Depatie reads the tea leaves. “Unfortunately, New York is not well-positioned,” he opined. “It’s the poster child for oversupply. There’s been so much turnover. And what the new supply is really doing is muting an increase in room rates.”

That said, he argued that sticker shock still dissuades many developers. And New York’s exceptional status with foreign visitors makes it uniquely vulnerable to a bulked-up US buck. On the other hand, San Francisco, where KHP is based, is prospering from “great demand trends” and a constrained supply that makes it, in Depatie’s mind, “the strongest market in the country.”

In all, Depatie thinks broad undersupply leaves hotels one or two years away from a correction. Woodworth agrees, saying the industry has “at least a couple of good years [to go] and a high likelihood of more. The theme of late is this whole notion of persistence at the peak. We’re just about at record all-time occupancy levels. And average room rates should finally recover by the third quarter of this year. We don't talk about hotels being ‘in recovery’ anymore. And demand should outstrip supply through 2016 at least.”

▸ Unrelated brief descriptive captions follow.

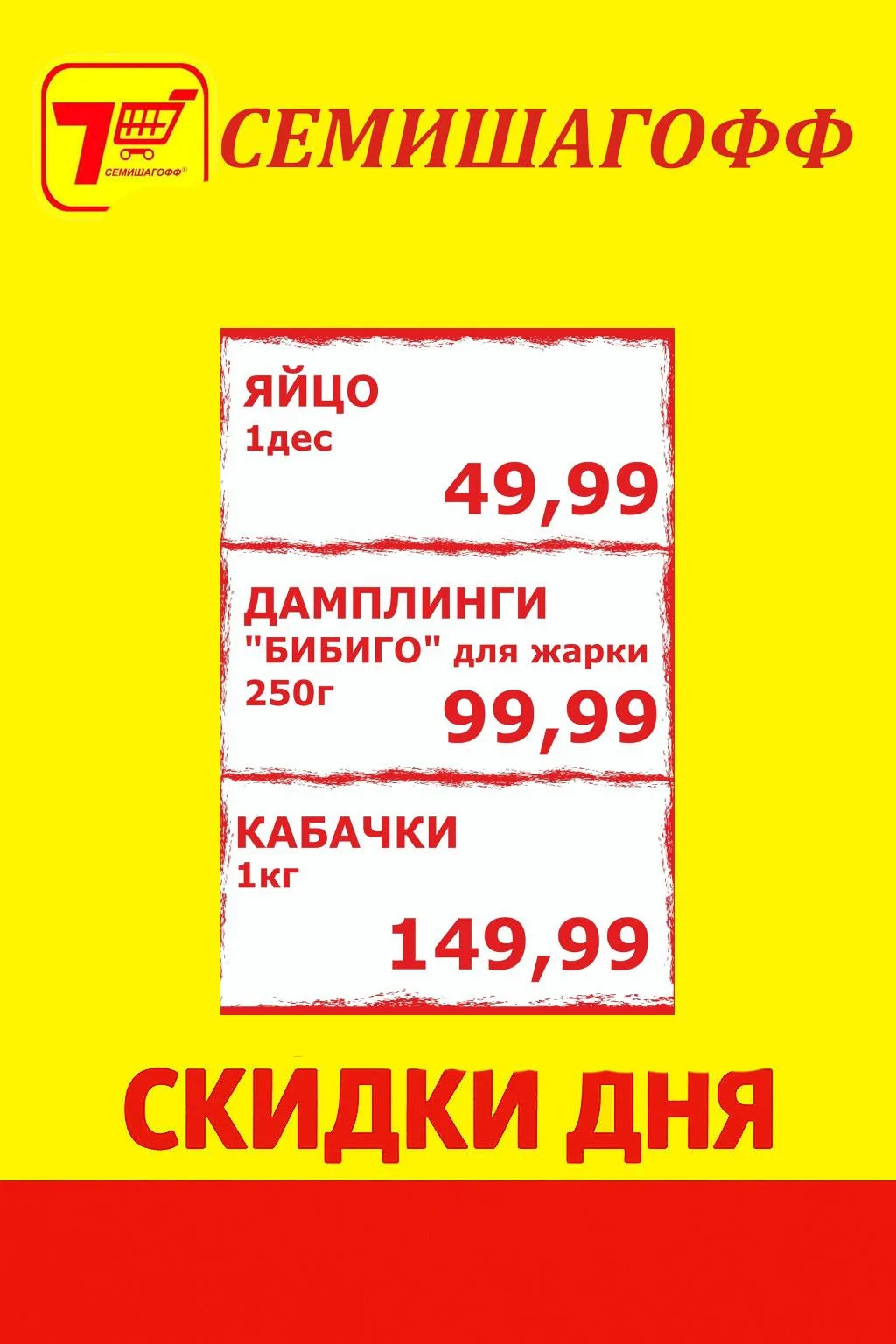 ✔ Доброе утро!🌞пробежимся по скидкам сегодняшнего дня 👣👣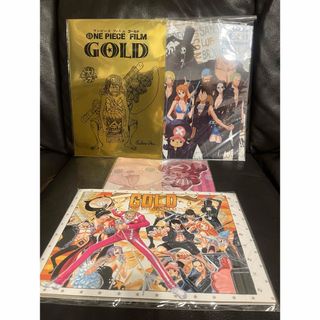 【新品未使用】ワンピース FILM GOLD パンフレット +クリアファイル3枚(その他)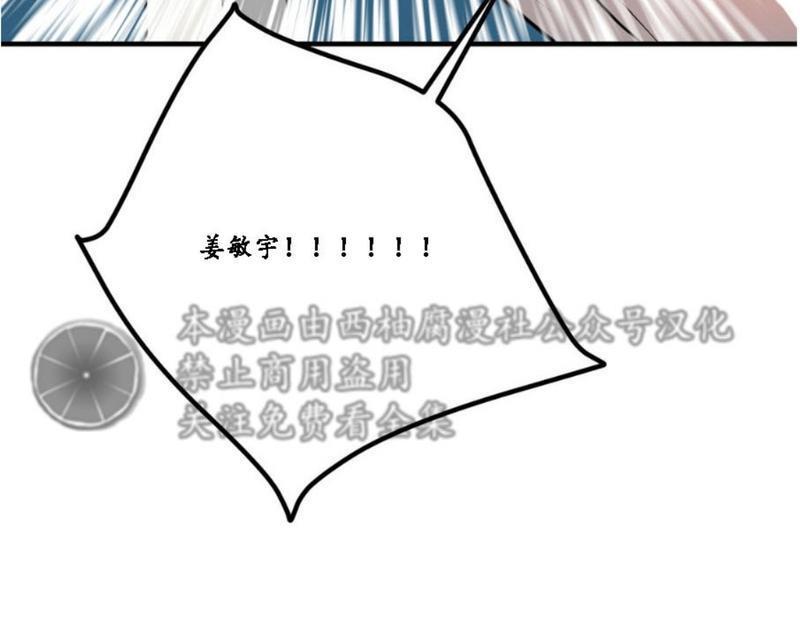Bodycomplex/身体情结[耽美]韩漫全集-第3话无删减无遮挡章节图片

A day of reckoning may come sooner for REITs, which hinge to an unusual extent on interest rate fluctuations and (like hotels in world capitals) foreign tourists who for years have reveled in a neutered dollar, with the favorable exchange rate fueling shopping sprees and stays in plush hotel suites.

As for Airbnb, an indigenous threat to the established hotel order if ever there was one, Depatie kept calm. The industry veteran made his name through new sector trends that quickly ascended to the top tier. At this point though, the sharing economy doesn’t pose the sort of direct competition that would cut into the first rung’s bottom line, he believes.

“Its impact is more on the lower-end guys,” Depatie said. “I don’t think it will put anyone out of business. It’s more of a leisure than a business trend right now. If someone rents out his apartment on Airbnb for two weeks, well, he has to go somewhere, right?” (Of course, that Airbnb-er could stay with a friend, in another Airbnb unit, or perhaps at a nearby apartment not used as an alternative income stream.)

Still, Depatie didn’t hesitate to label Airbnb and like-minded sharing engines a destructive force. Depatie recalled giving a talk at HBS and asking “about 90 kids how many knew Kimpton. Maybe 15% to zero percent knew it. I asked if they knew Airbnb: Everyone raised their hand. Had they stayed at Airbnb? Nearly everyone raised their hands.”

Between IHG’s Kimpton acquisition, macroeconomic trends and a yappy crop of upstarts with a fast-growing currency bulging the pockets of many Millennials, one might imagine more seismic mergers in the hotel industry’s future.

Depatie, veteran hotel soothsayer, urged caution on those bets. “The big chains, they’re all looking to buy something,” he said. “I got a call yesterday: ‘I heard Marriott is looking to buy Starwood.’ I said, ‘Well, that’s very complicated.’ But some consolidation is possible. People feel we’re getting close to the top of a cycle.”